19. WHERE THE RED FERN GROWS BY WILSON RAWLS
This 1961 novel about a young boy who is determined to own a pair of coonhounds is both a tribute to hard work and companionship, and a primer on how to handle some of the tougher aspects of life. Billy and his beloved dogs Old Dan and Little Ann make quite the team, and though they earn the reputation of being the best trappers in the Ozarks, tragedy eventually befalls the crew and Billy learns a big life lesson about love and sacrifice.
20. HIGGLETY PIGGLETY POP! BY MAURICE SENDAK
Where the Wild Things Are
is Maurice Sendak’s best-known work (even we couldn't hesitate putting it on this very list), but Higglety Pigglety Pop! is a cult classic. The book follows Jennie the Sealyham terrier as she leaves her life of comfort in search of fulfillment. It’s dedicated to Sendak’s dog of the same name.
21. GOOSEBUMPS SERIES BY R.L. STINE
For his horror series, author R.L. Stine veered outside typical kid-lit territory. Instead of friendly animals and happy children, Goosebumps acquainted readers with malicious land gnomes, living dummies, and cuckoo clocks of doom.
22. BEEZUS AND RAMONA BY BEVERLY CLEARY
What’s fun for 4-year-old Ramona Quimby leads to frustration for her 9-year-old sister Beatrice (or “Beezus” as Ramona likes to say). Whether or not you relate to the struggles of having a younger sibling, Beverly Cleary’s classic novel is essential reading.
23. BUNNICULA: A RABBIT TALE OF MYSTERY BY JAMES HOWE AND DEBORAH HOWE
When the Monroe family discovers a rabbit in their car after a viewing of Dracula, it's only natural that they keep the creature—and call it Bunnicula. But Harold, the family dog, and Chester, the family cat, have their suspicions about the new pet, who seems to have fangs and sleeps all day long, only to wake up at night. Then, vegetables start showing up in the kitchen, drained of all their juices and stark white—with two fang marks in them. Could it be that Bunnicula is more than just a bunny? Is the Monroes' new pet … a vampire?!

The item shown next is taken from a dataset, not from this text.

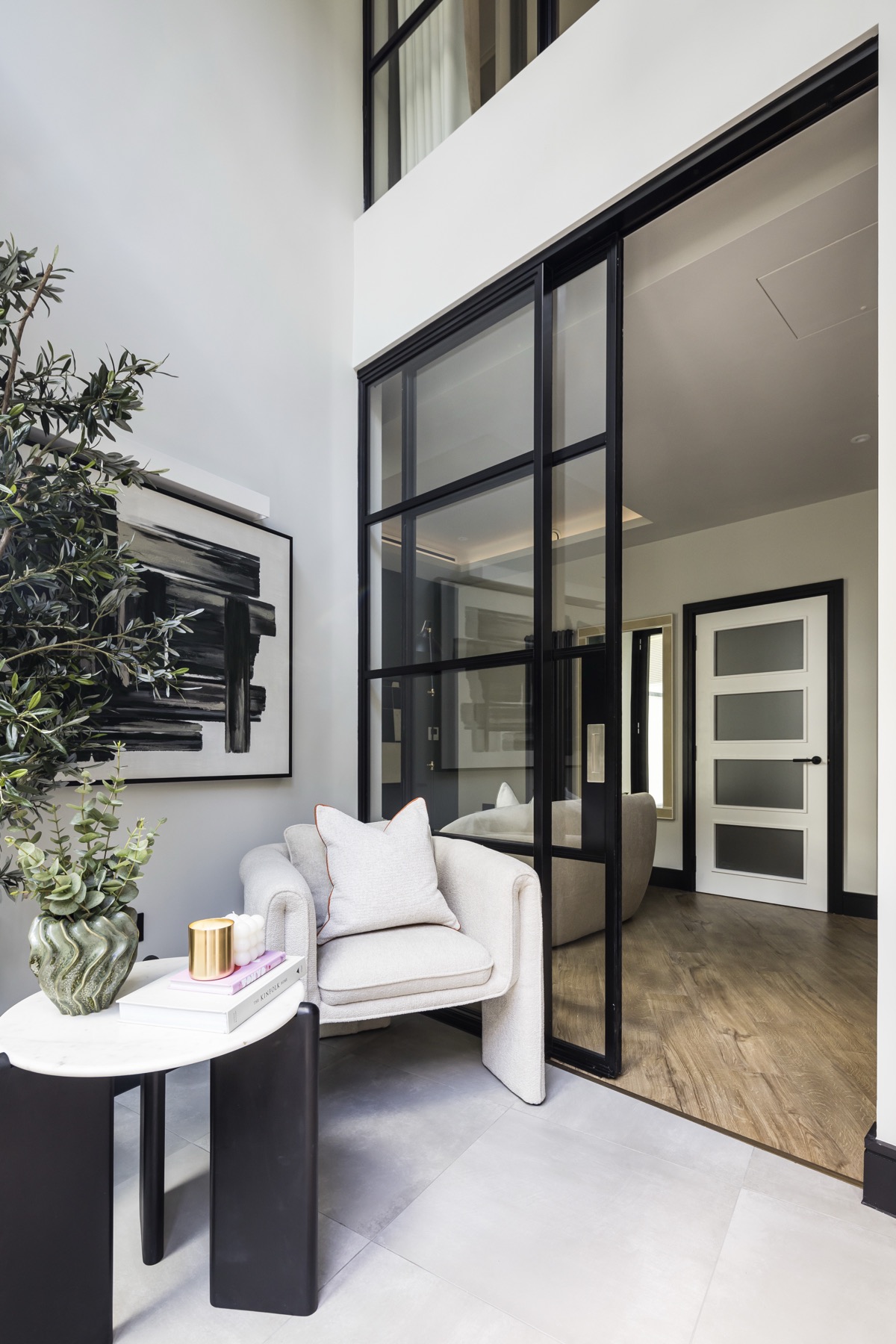 Arena Duplex interior image 4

24. ZERALDA'S OGRE BY TOMI UNGERER
When an ogre with an appetite for the flesh of children stalks a town, its residents take drastic measures, hiding their kids underground. Starving, the ogre lies in wait for a child to pass by. Meanwhile, in a valley far away, a sick father sends his young daughter, Zeralda—a talented cook—to the town's market in his place. When the ogre and Zeralda meet, she's able to tame his ferocious appetite with her culinary prowess. This book, written and illustrated by Tomi Ungerer, is undeniably weird (especially the unforgettable last page), and also wonderful.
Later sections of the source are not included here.